AB you are so right. If you want it enough then you can usually find ways round most problems. Of course we sometimes need to adapt the things around us and ourselves as we progress with PD but then we would have done as we got older anyway. I try to keep my life as near to 'normal' as I can although this does upset/annoy those around me who think that they are helping me when I'm somewhat slower than usual in getting things done. I know that I'm being unreasonable and less than thankful but I need to keep control whilst I can. I think I'm wandering from the point, sorry perhaps this is not the thread to have a rant.
AB - something I was told 20 years ago by a boss I respected a great deal was that anything is possible, but it may not be probable.
The only way to find out is to give it a try but if it doesn't work out put it behind you and try something else. A sound philosophy that works for me - at school I was the kid who hated PE, very introspective, and lacking in confidence.
After working for Mike and following his philosophy I've since got a wife and 4 kids, qualified as a scuba diving instructor, become a District Councillor, last year I was Chairman of the Council, now in process of taking over the company I work for and as you know getting round the lack of a driving licence.

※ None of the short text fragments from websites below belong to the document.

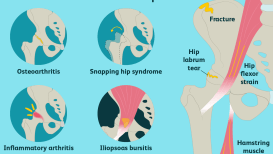 Causes And Treatments Of Hip Pain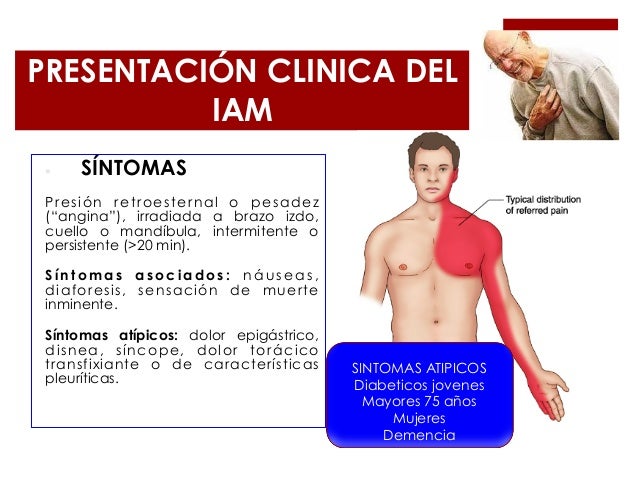 La trombosis después de la operación al pecho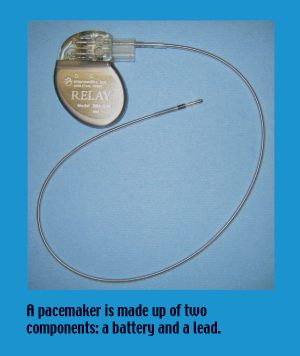 Pacemaker battery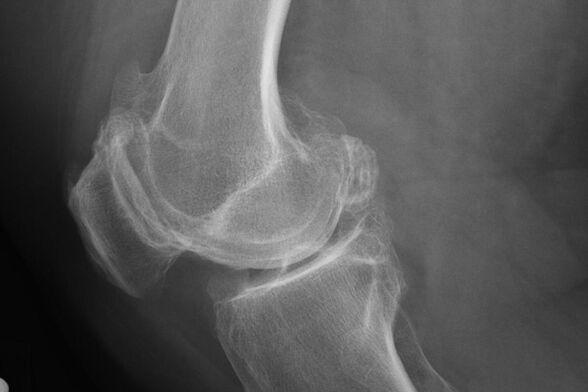 Métodos para diagnosticar a artrose do xeonllo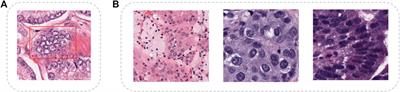Contextual Mixing Feature Unet for Multi-Organ Nuclei Segmentation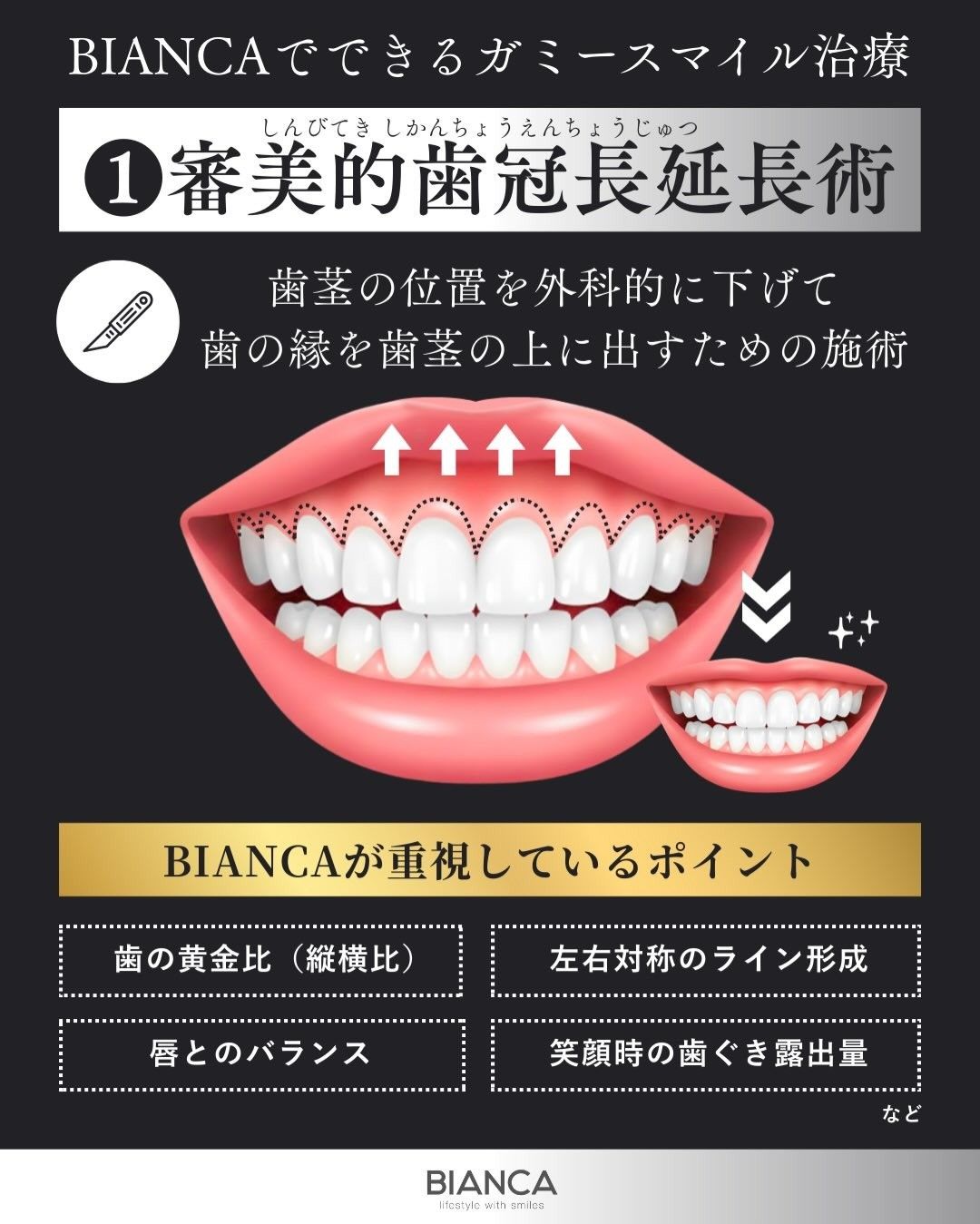 審美的歯冠長延長術とは歯茎の位置を外科的に下げ葉のふちを歯茎の上に出す施術であることを説明する画像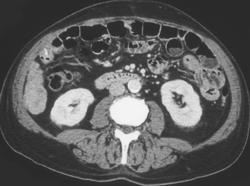 Hepatoma in Bottom of Right Lobe of the Liver - CTisus CT Scan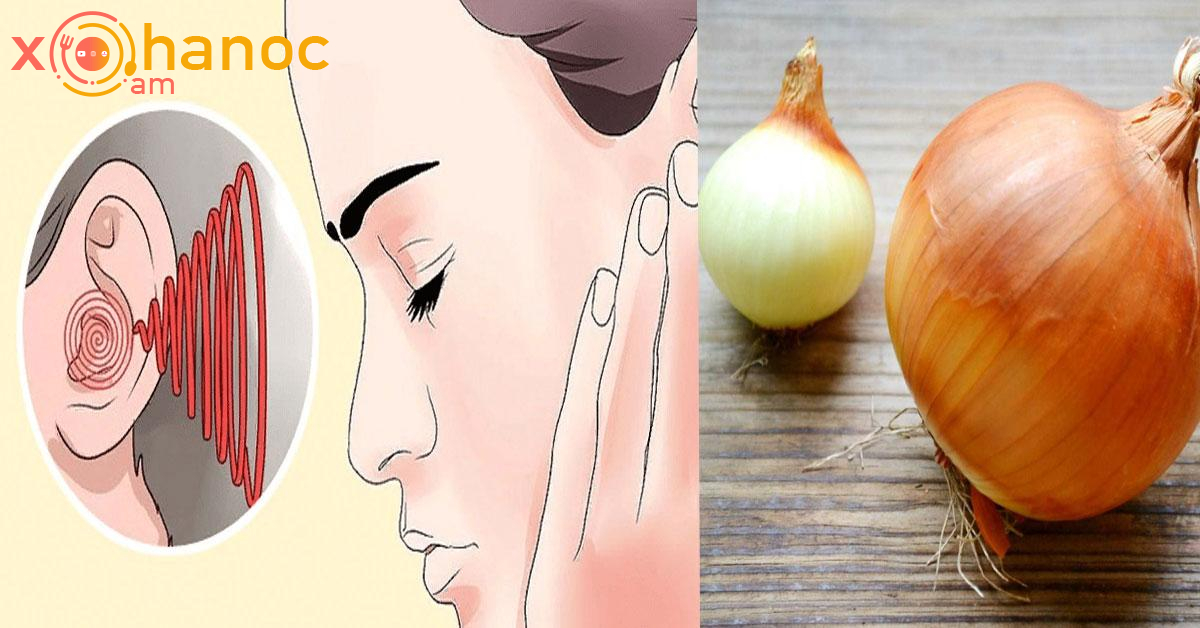 Եթե ունեք ականջների զրնգոց, սոխը կօգնի ազատվել այդ խնդրից Եթե ունեք ականջների զրնգոց, սոխը կօգնի ազատվել այդ խնդրից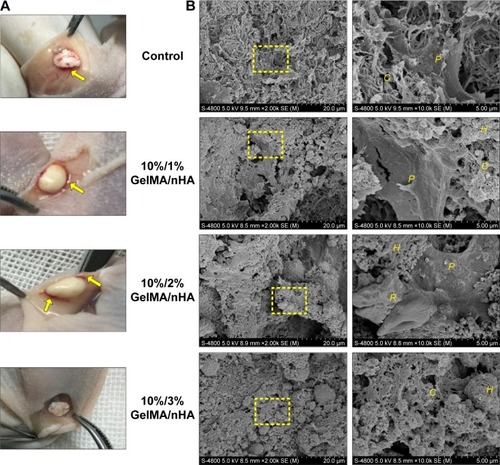 Figure 4 Gross observation and SEM examination of implantation in nude mice after 8 weeks.Notes: (A) Gross examinations of implants harvested 8 weeks after implantation. Capillaries could be seen in 1%, 2% nHA, and the control groups (arrows). (B) SEM figures of implants. Images on the right side are the magnification (×1,000) of the yellow dashed squares on the left images (×200).Abbreviations: C, collagenous fibers; H, nano-hydroxyapatite; P, periodontal ligament stem cells; R, red blood cells; GelMA, gelatin methacrylate; nHA, nanohydroxylapatite; SEM, scanning electron microscopy.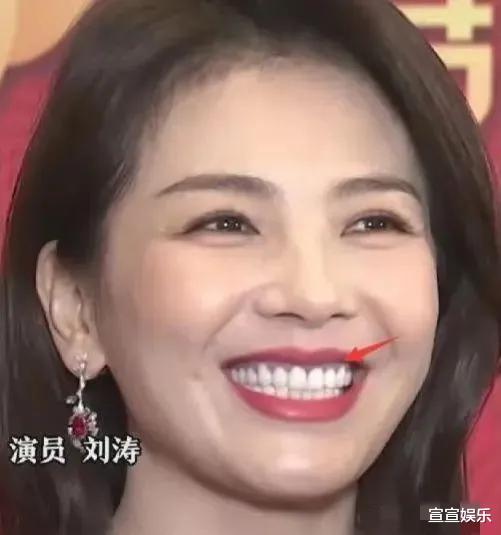 贾静雯|半个娱乐圈都做牙,假牙成了潮流,“丑”的千奇百怪一笑就露馅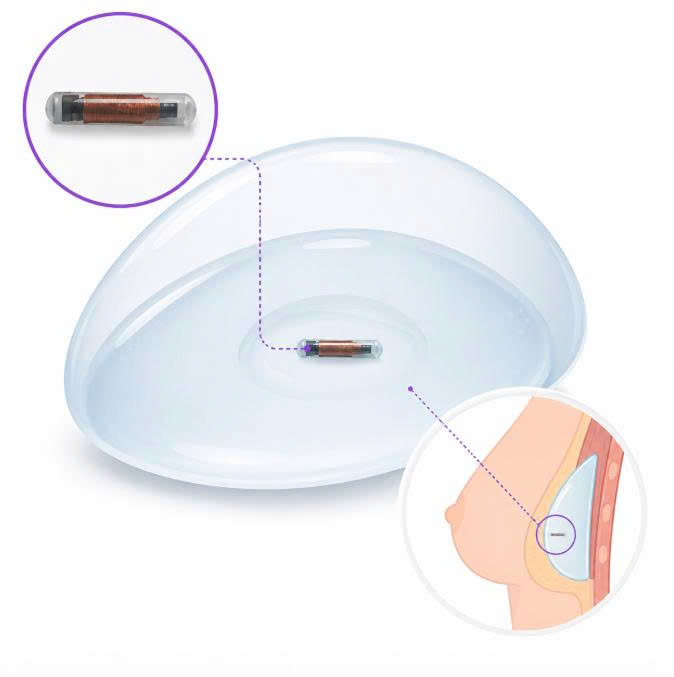 nang-nguc-nano-chip-co-phat-hien-duoc-khong-phan-tich-chi-tiet-cac-thong-tin-ban-can-biet-de-an-tam-lam-dep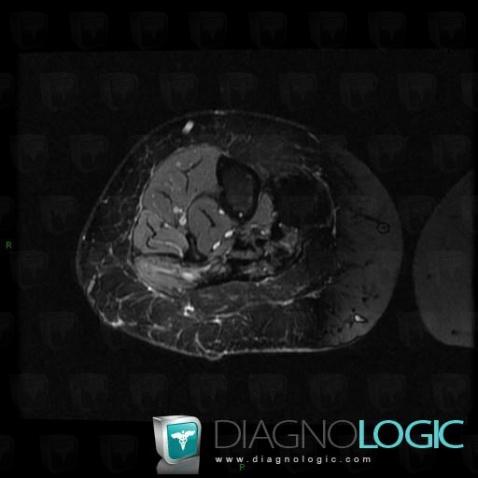 Desmoid tumor, Other soft tissues/nerves - Leg, MRI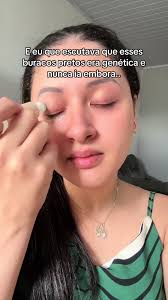 Voltou a minha autoestima… nem a minha dermatologista acreditou quando  disse!!!! 🙌🏻🙌🏻🥰 #olheiras #manchas #clareador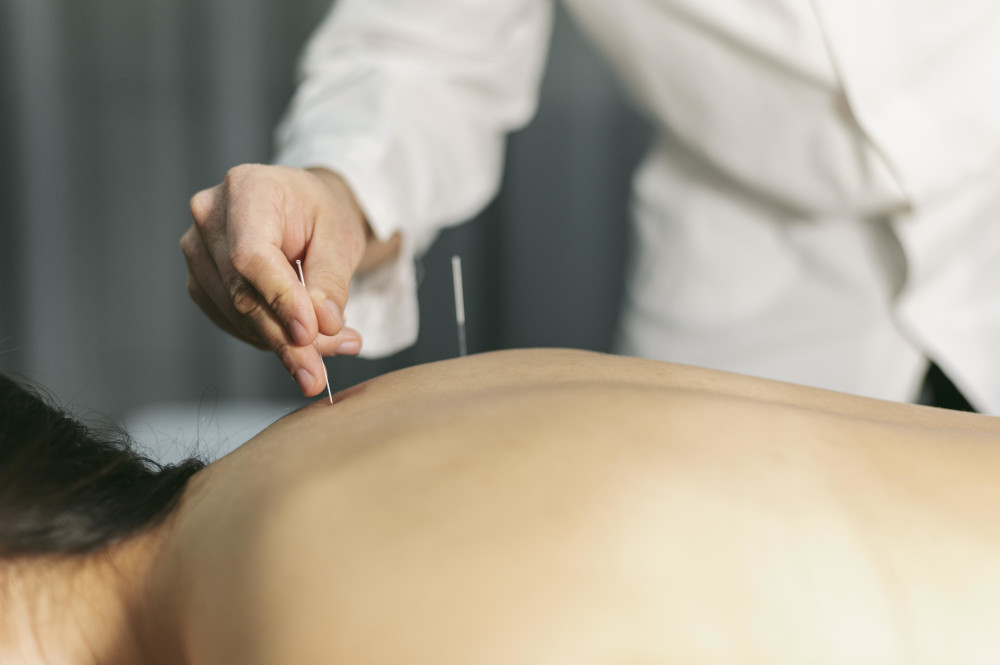 How Does Acupuncture Work for Nerve Pain?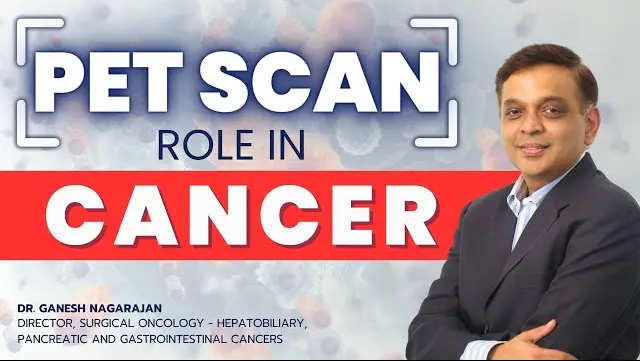 2024 Does Every Cancer Require PET Scan? Cancer Diagnosis
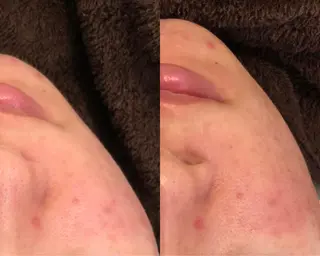 Embellier所属・Embellier ★のエステ・リラクイメージ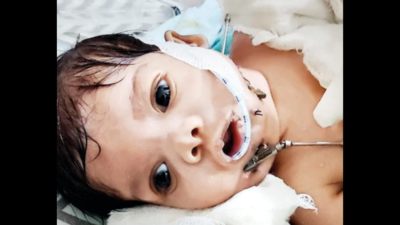 Born with rare deformity, infant gets new life, courtesy Command Hosp ...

Treat the set backs as a challenge, there's a couple of other things that have gone pear shaped for me in the last 3 years that I can't share at the moment but may do some time.
Why was Mike such an inspiration to me? - he had PD and treated it as a challenge and made the most of life whilst he could.
Funny how life comes full circle.
Thankyou pebble & Dicky Blighter. It seems that the big stumbling block for a lot of people, not just pwp, is not so much knowing that an adaptation or a change of direction may be required, but when to do so. I am most impressed with the speed at which you went from problem of no licence to bike solution.